When doing ceremony, offerings are an important part. Ceremony is usually to honor, or to ask help in something. If you go into that expecting that you deserve help for nothing, or just your presence is honoring enough, is a little short sighted. Offerings give us perspective in our place of things, that we are not the top dog that the universe bows down to. Instead, it creates a give and take.

In short, it begins a relationship.

I believe it’s an important part in communicating with things that aren’t necessarily considered as communicative… or, such as in the case of the mountain, alive. When I began to work with the drum, I was reminded to make an offering to the drum, to warm the drum to me. In the work that I do, everything is assumed to have some sort of spark of consciousness. How we interact with that spark of consciousness can change the way we act in the physical world.

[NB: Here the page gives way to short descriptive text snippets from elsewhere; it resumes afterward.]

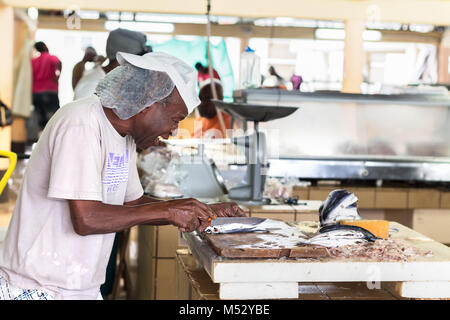 Bridgetown, Barbados - Gennaio 31th, 2018: un lavoratore di sesso maschile a Bridgetown Mercato del pesce è la preparazione di pesci volanti per la vendita. Foto Stock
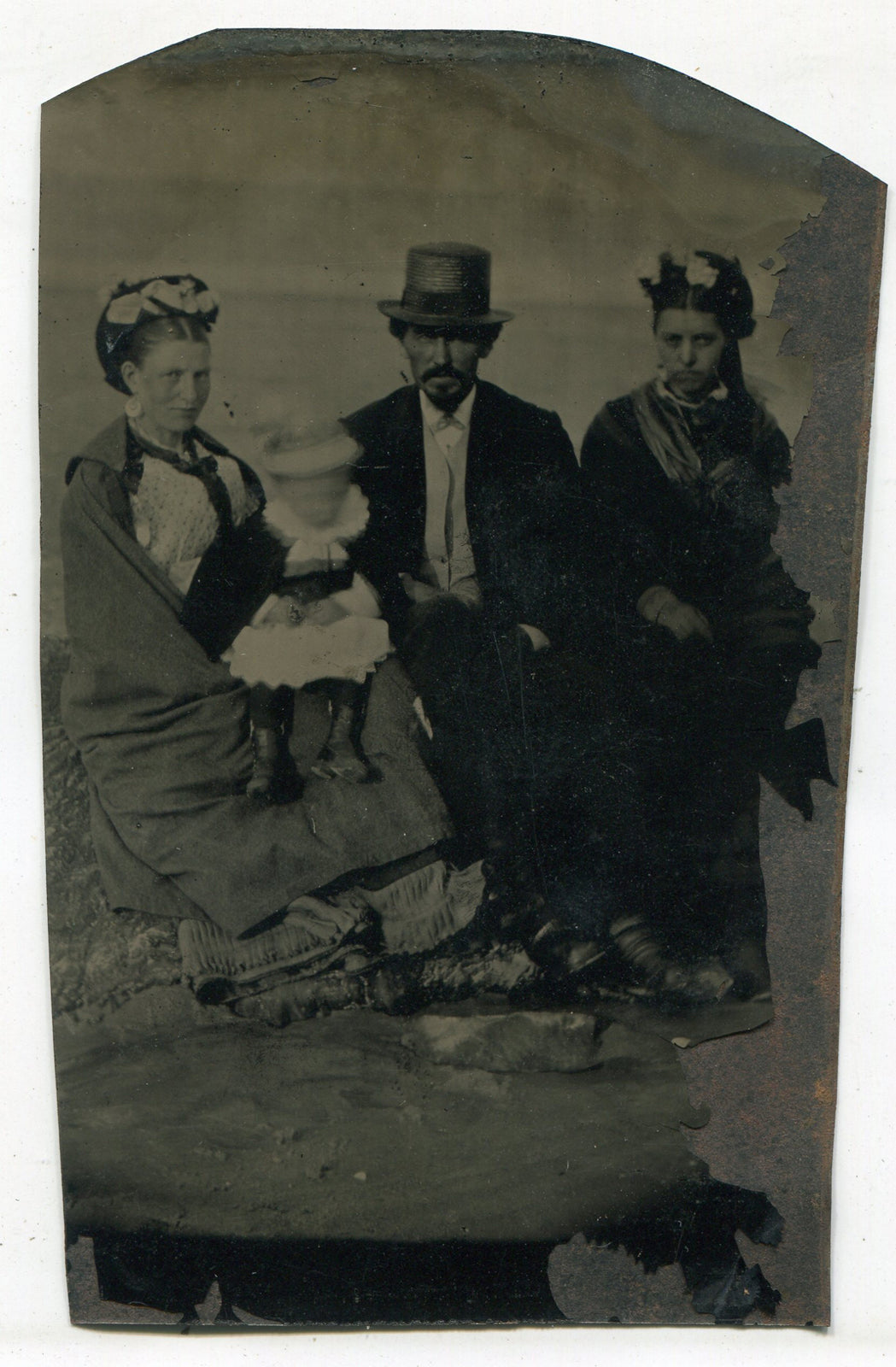 SHADY LOOKING FAMILY, ALL IN HATS. BABY IS A BLUR. TINTYPE.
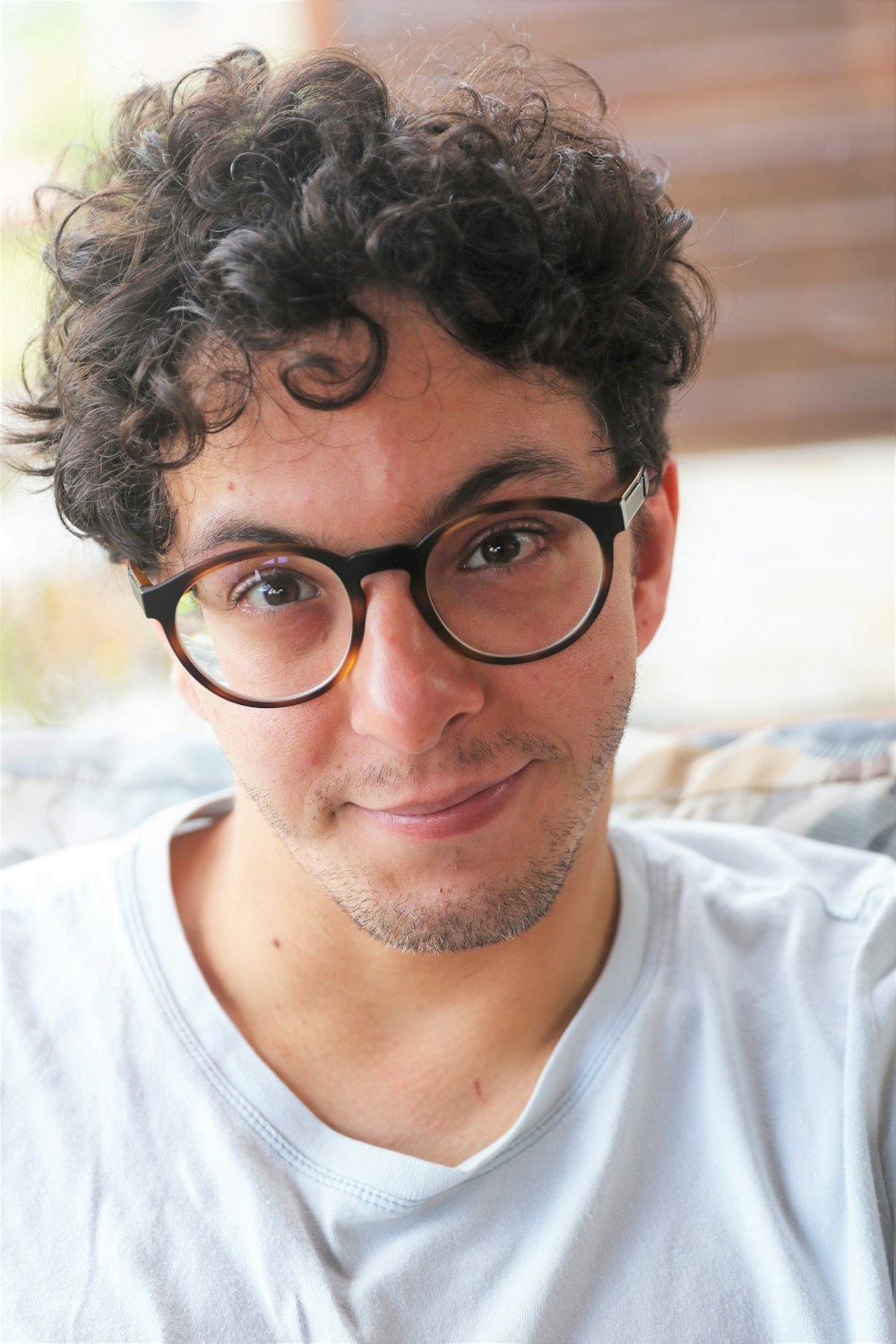 a close up of a person wearing glasses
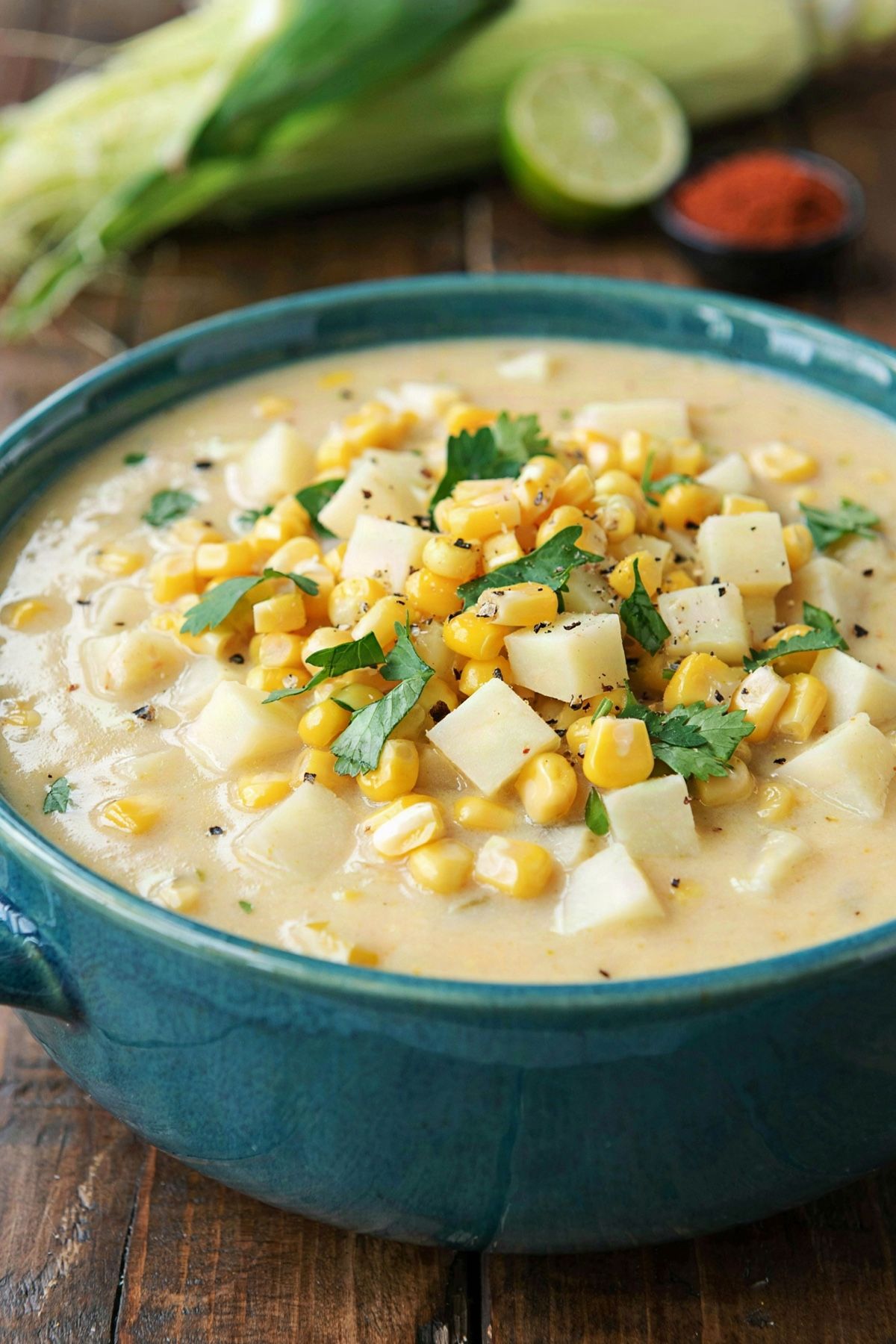 Vegan corn chowder in a teal bowl, thick and creamy with bright yellow corn kernels, diced potato, chopped cilantro and cracked black pepper.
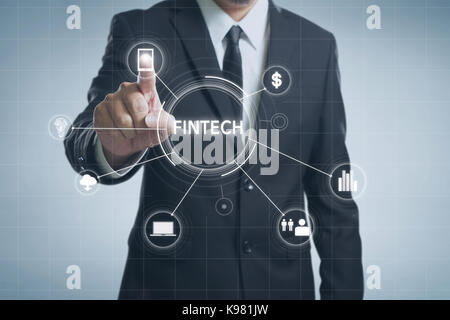 Businessman with fintech icon and internet of things with matrix code background , Investment and financial internet technology concept. Stock Photo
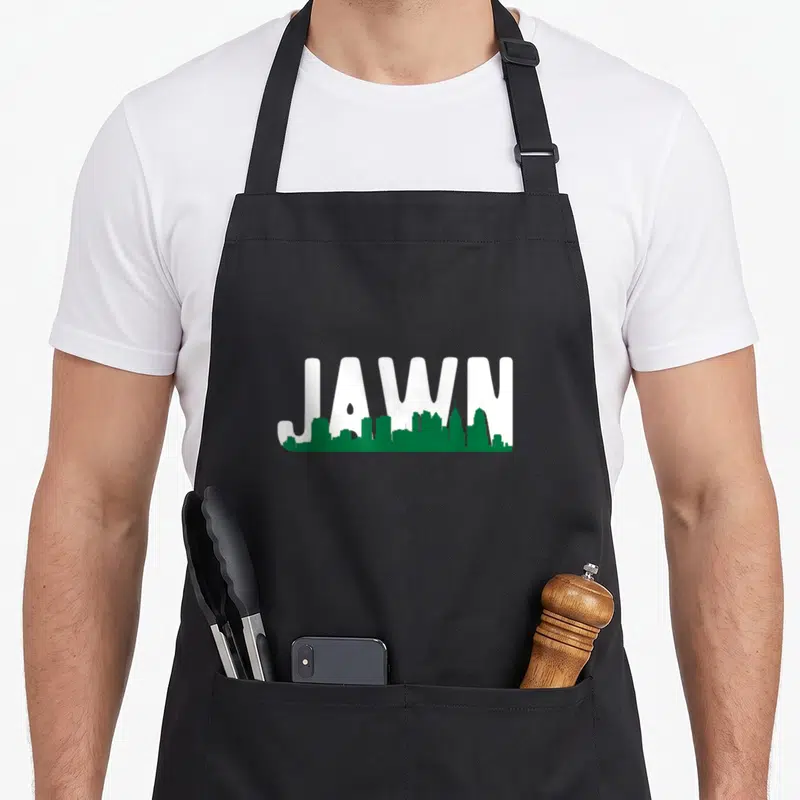 Local phillies apron - White JAWN text with green Philadelphia skyline silhouette overlay — shown on a black cotton canvas apron against a white background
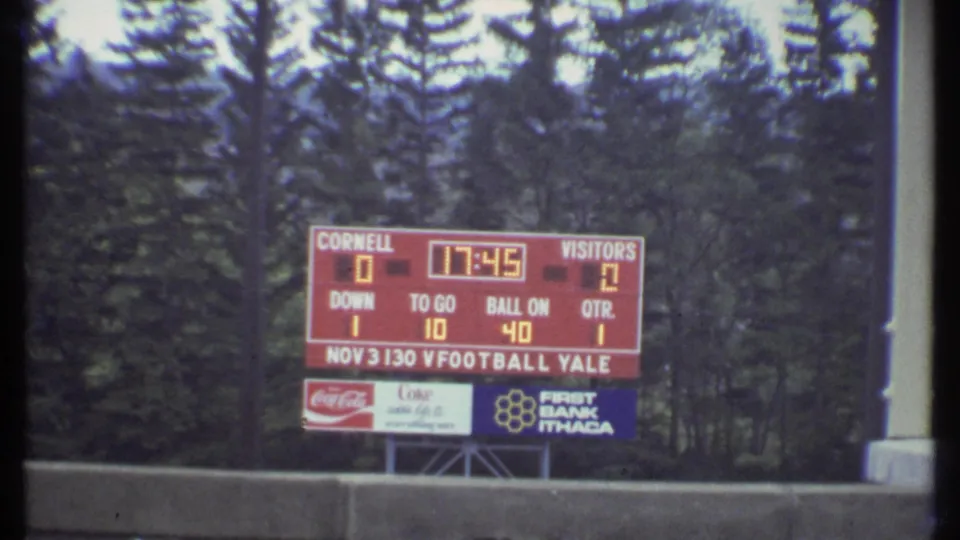 1979 Ithaca stadium scoreboard showing Cornell and visitors with Nov. 3 football text and sponsor signs below.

When it comes to what you offer, I find that intuition can play a large part in it, as well as tradition. I usually stick to herbal offerings, but some people use coins, hair, or whatever their specific tradition calls for. We all know about the idea of animal sacrifice, something that has played a role in a lot of cultures. While definitely not something that is considered in our continent, it still does have a place in other parts of the world, where the animal is ritually done in, then eaten usually by the community. If you are a meat eater, and this idea rubs you the wrong way, you might want to take a moment and reflect on the non-sacred killing of animals that happen so that you may have a burger. There’s a lot of weight on that subject, though, and further discussion would take a blog or two on it’s own. I’ll say that I don’t have any animals I’m raising for meat right now, and blood seems to me to be a little too dark to offer to spirits I work with.

The offering I do often use is tobacco. It runs on the idea that tobacco has had its place as a sacred herb to indigenous folk, and the land recognizes it as something that is a sacred gift. People use cornmeal and sage for similar reasons. The intuition comes in when you add herbs to the mix. I had a surplus of Sweet Annie Herb a year back, and it felt right to add that to my offering mix. It had a pleasant smell, and it was something that I grew.

Another offering that I like is one of music, or spoken word. Even singing to a mountain, as silly as it might sound, can be a magical experience. It adds extra vulnerability, and one that I love to mix with an herbal offering.

There is also specific offerings to the spirits, plants, or land formations that you are working with. I was taught that it is traditionally proper to offer white flowers to water spirits. There are great cleansing herbs, like cedar, that are appropriate to offer to a fire. If I’m headed to a specific place to make an offering, I keep what I’m working with in mind, and try to feel out what that space would like. That can begin the conversation, and I like to think that the land appreciates that extra effort.

And that’s all I really have to say about offerings. I’m going to head out an enjoy the beautiful sun that’s poking through the clouds outside, maybe make a little offering to the spring that supplies our house’s water.